Category Archives: Equitation

Two Tracking and Why

“Two Tracking” was what they used to call it. It’s the process of getting a horse to move forward while at the same time stepping a little bit sideways, leaving two lines of hoof prints in the sand. To do this the horse should be “crossing over” with both front legs and hind legs. It turns out that this movement is the foundation of “collection”. That is, the horsemanship of actually “doing something” with a horse. Now, if all you want is to be a passenger on a horse going on a scenic trail ride you can stop reading here.

If you’re still reading, I assume you’ve taken an interest in dressage, reining, working equitation, or reined cow horse competition and the like. Or maybe you use horses for ranch work. In any event, you’ve discovered that you need improved mobility in your mount in order to put him in position to do a job.Nuno Oliveira, the 20th century dressage master, said “I do nothing before I do shoulders-in”. I’ve found his approach indispensable. “Shoulders-in” is essentially “Two-tracking”. It puts the horse’s hind feet more under his body and shifts more of his weight onto them, causing him to feel springier, and to be able to move in any direction easier. It’s basically what ballet dancers and football players do.

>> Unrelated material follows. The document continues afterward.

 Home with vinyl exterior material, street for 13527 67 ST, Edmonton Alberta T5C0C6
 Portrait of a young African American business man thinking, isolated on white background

To do shoulders in do you need three things: forward movement, body angle, and body bend. He moves forward because he has learned to do so with a squeeze of your calves, or a tap of your stick. He angles about 45° inward, with his forehand or shoulder off the fence, because you turn your shoulders, rib cage, and reins inward a little. He bends because you sit on your seat bone on the inside (arena) side. Remember how you twisted when a friend poked his finger in your ribs? Your seatbone has a similar effect on your steed.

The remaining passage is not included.